The latest round, as well as MeWe’s total $10 million in fundraising, was predominantly backed by celebrity investors, such as author Marci Shimoff, Rachel Roy, and Lynda Weinman, founder of Lynda.com, which sold to Linkedin in 2015 for $1.5 billion. Jack Canfield, creator of the “Chicken Soup for the Soul” book series, also invested in MeWe.
“We want real people to be involved. It gives us a high-integrity compass, it allows real people to do good and be rewarded for their investment in MeWe,” said Mark Weinstein, MeWe founder and chief executive. “It’s part of our strategy, because MeWe is a social platform for real people, so we wanted high net worth, accredited investors to benefit from and give us an ethical compass,” Weinstein added.

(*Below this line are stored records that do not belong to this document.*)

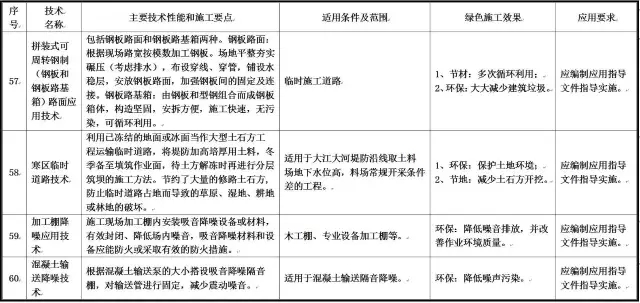 装配式|最新绿色施工推广应用技术有哪些?住建部发布征求意见稿!(涉及11大类,79项技术) 装配式资讯 第18张-BIM建筑网 装配式|最新绿色施工推广应用技术有哪些?住建部发布征求意见稿!(涉及11大类,79项技术) 装配式资讯 第18张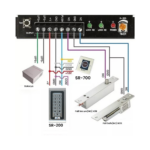 SARKEY SR-700 Temassız Kapı Açma Butonu, Sıva altı - KAR64922 - Görsel 5
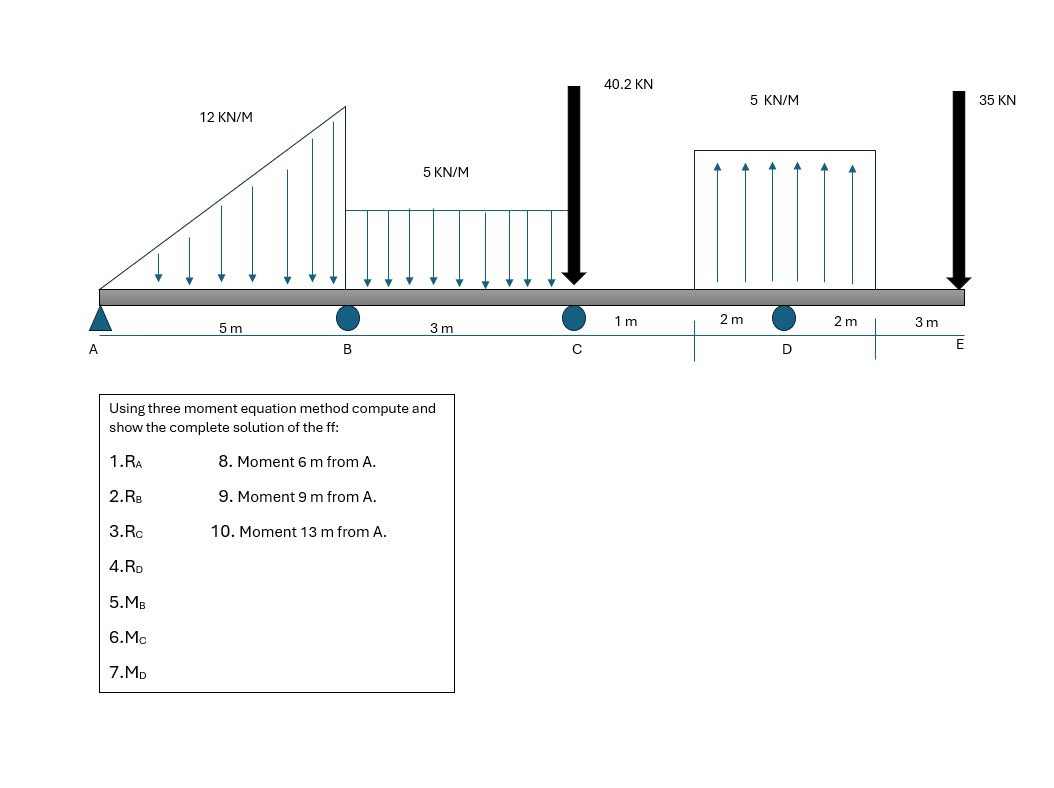 Solve what's in the picture Using three moment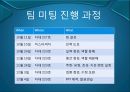 jpeg정지영상부호화MFC구현 3페이지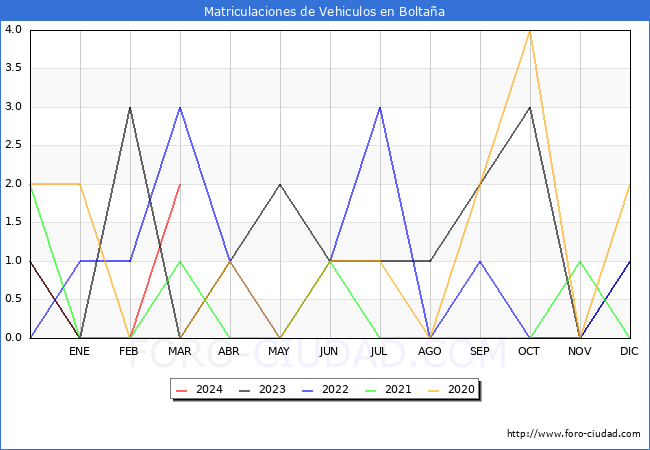 estadsticas de Vehiculos Matriculados en el Municipio de Boltaa hasta Marzo del 2024.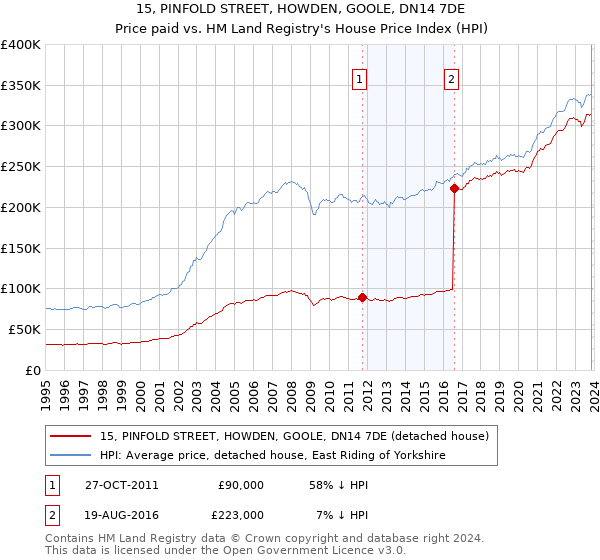 15, PINFOLD STREET, HOWDEN, GOOLE, DN14 7DE: Price paid vs HM Land Registry's House Price Index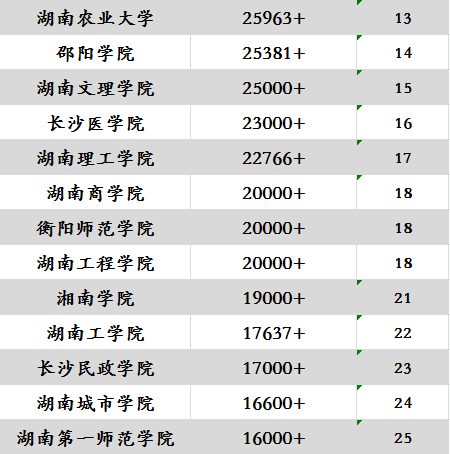 人口出生数量排行榜_中国人口出生数量图表(3)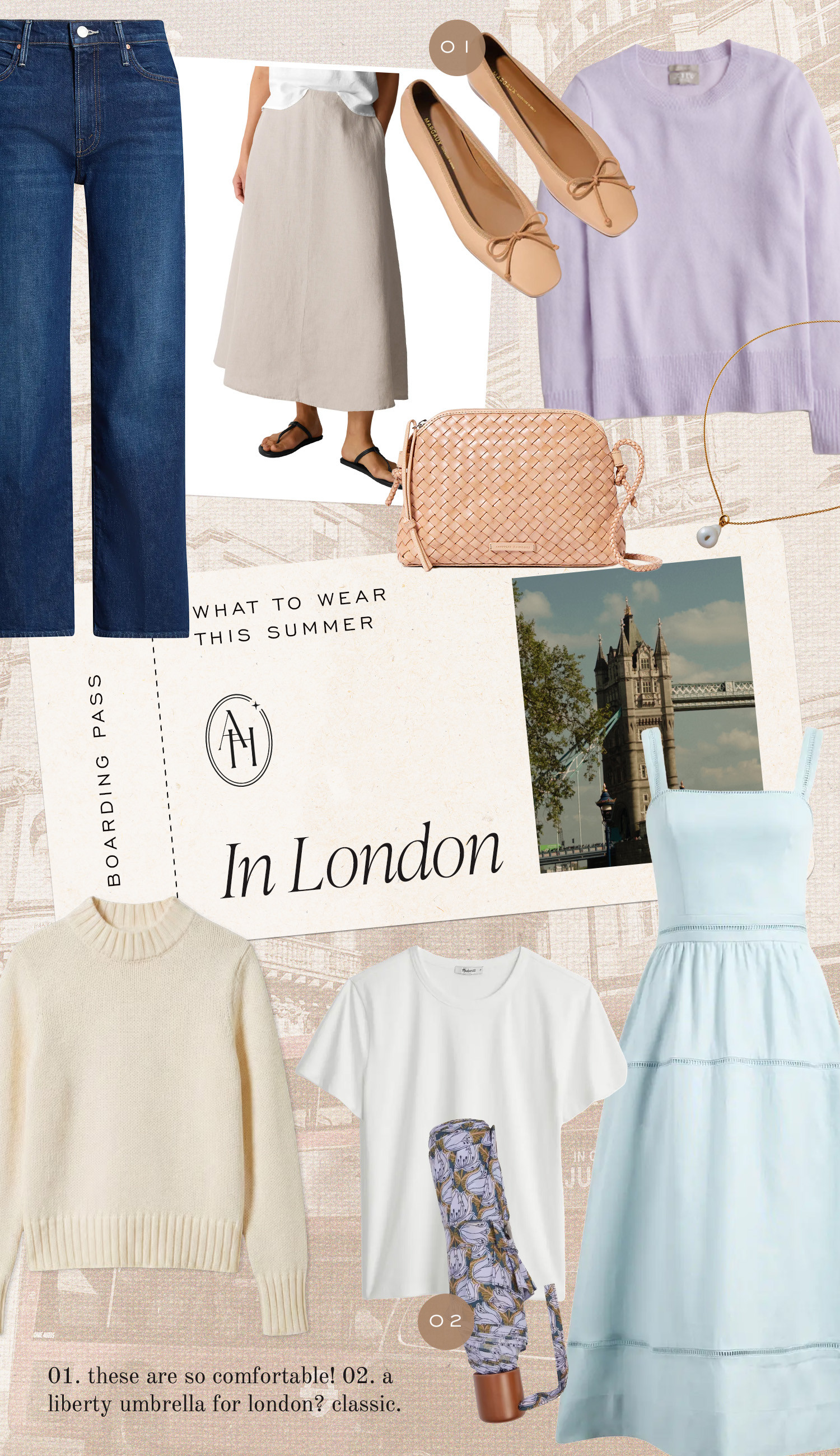 What to pack for London 

#LTKTravel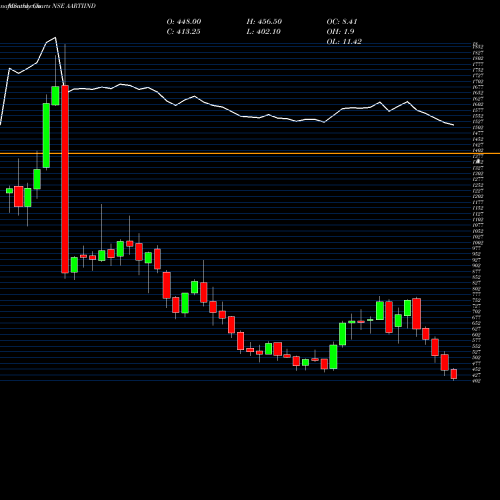 Monthly charts share AARTIIND Aarti Industries Limited NSE Stock exchange 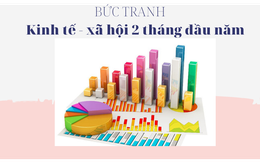 Bức tranh kinh tế - xã hội 2 tháng đầu năm 2022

MeWe promotes its service as the opposite of big social media companies like Facebook, which is still addressing privacy issues after the Cambridge Analytica scandal which affected roughly 87 million users’ data. MeWe describes itself as a company that prioritizes individuals and privacy over advertising revenue. The basic service is free, but the company also offers a paid service, MeWePRO, with an annual fee of aproximately $72. The pro network gives users more features than the standard service, such as disappearing content; live voice and video chat; voice messaging; double-ratchet encrypted chat; and custom group profiles.
The company is growing on an average of 25 percent more users per month, according to a recent press release. “It is clear that the world wants a better social network that treats its member as customers to serve, not data to sell,” Weinstein said. “It’s a myth that you have to steal people’s data to have a social network… capitalism works great by taking care of your customer.”
MeWe allows users to have “total control” over what they share, along with their content and data. Additionally, MeWe claims their timeline feature does not aggregate content based on what it assumes the user will think is most popular (as most social networks, including Facebook do), but in chronological order. Weinstein reports that the site has roughly 90,000 active groups to date, 60,000 of which are public.
MeWe’s privacy “bill of rights” listed on their website highlights data and content ownership as its key tenants, as well as customers’ ability to leave the network with a of all of their data at any time.
“If you delete your account, your account is deleted. That should be normal,” Weinstein said. “Law-abiding citizens are entitled to the right to privacy.”